[guardian-dev] Blog post: VoIP Security Architecture

Lee Azzarello lee at guardianproject.info
Fri Nov 22 17:40:29 EST 2013

Elijah and Dominik,

Thanks for clearing this up. Is it fair to compare the process to OTR
verification or is that just a fool's errand since both protocols
obviously have significant enough complexity as to confuse 99% of all
users? I say this because I've been describing ZRTP key agreement this
way for over two years and you are the first two people in the world
to notice this detail and reference a fact about how it is incorrect.

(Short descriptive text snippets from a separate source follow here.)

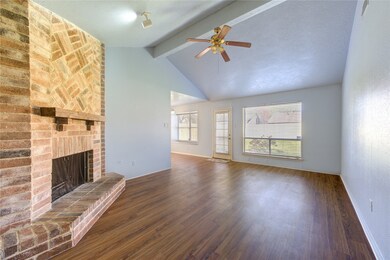 8010 Western Trail Dr, Houston, TX 77040 - photo 4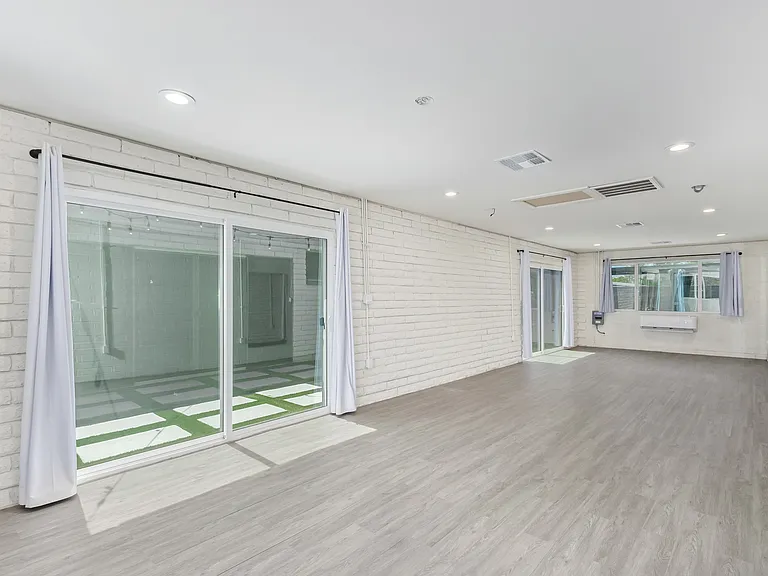 2136 W Village Dr — Photo 39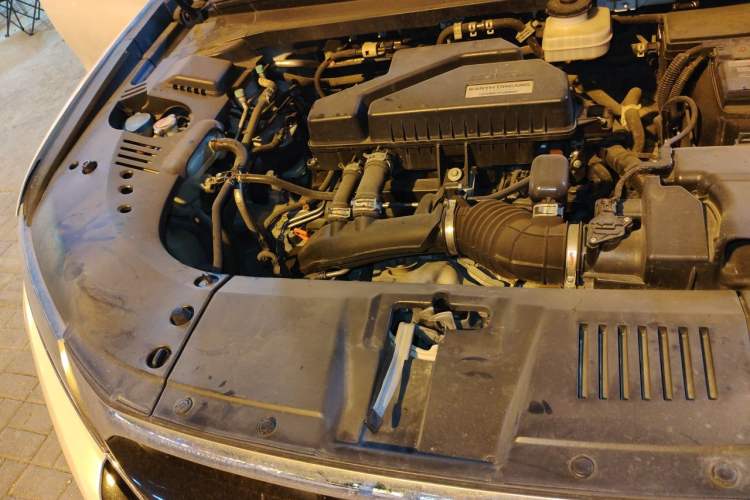 Used Honda UR-V 2017 240TURBO Two-Wheel Drive Classic Edition China V Engine Bay Right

On Fri, Nov 22, 2013 at 3:40 PM, elijah <elijah at riseup.net> wrote:
> On 11/22/2013 12:03 PM, Lee Azzarello wrote:
>> How could the RTP channel be encrypted prior to key agreement
>> through a verbal SAS confirmation?
> None of the session encryption keys are derived from the SAS. It is the
> other way around. Both the session encryption keys and the SAS are
> derived from the result of the unauthenticated DH exchange (in the case
> of the first time contact) or preshared key (in some cases where you
> have talked previously).
> Failing the SAS doesn't do anything except alert you that you are
> probably being MiTM'ed.
> From
> http://zfoneproject.com/docs/ietf/rfc6189.html#SASVerifiedFlag:
>> A user interface element (i.e., a checkbox or button) is needed to
>> allow the user to tell the software the SAS verify was successful,
>> causing the software to set the SAS Verified flag (V), which
>> (together with our cached shared secret) obviates the need to perform
>> the SAS procedure in the next call. An additional user interface
>> element can be provided to let the user tell the software he detected
>> an actual SAS mismatch, which indicates a MiTM attack. The software
>> can then take appropriate action, clearing the SAS Verified flag, and
>> erase the cached shared secret from this session. It is up to the
>> implementer to decide if this added user interface complexity is
>> warranted.
> In effect, the SAS is just an after the fact authentication of the
> unauthenticated DH, and it is up to the application to decide how to handle
> a SAS mismatch.
>> It's my understanding that the 1st time two peers agree on a key the
>> RTP channel is in the clear. No prior keys exist so no hash can be
>> transmitted for the DH exchange. It is also my understanding that the
>> nth time these peers communicate the RTP stream is never in the
>> clear. The spec describes the probability of a MitM attack's success
>> on the nth time as mathematically impossible unless the 1st SAS was
>> middled.
> Sure, DH exchanges are usually in the clear, since it is a bootstrap after
> all. But after the first DH, the next call usually uses a cached key.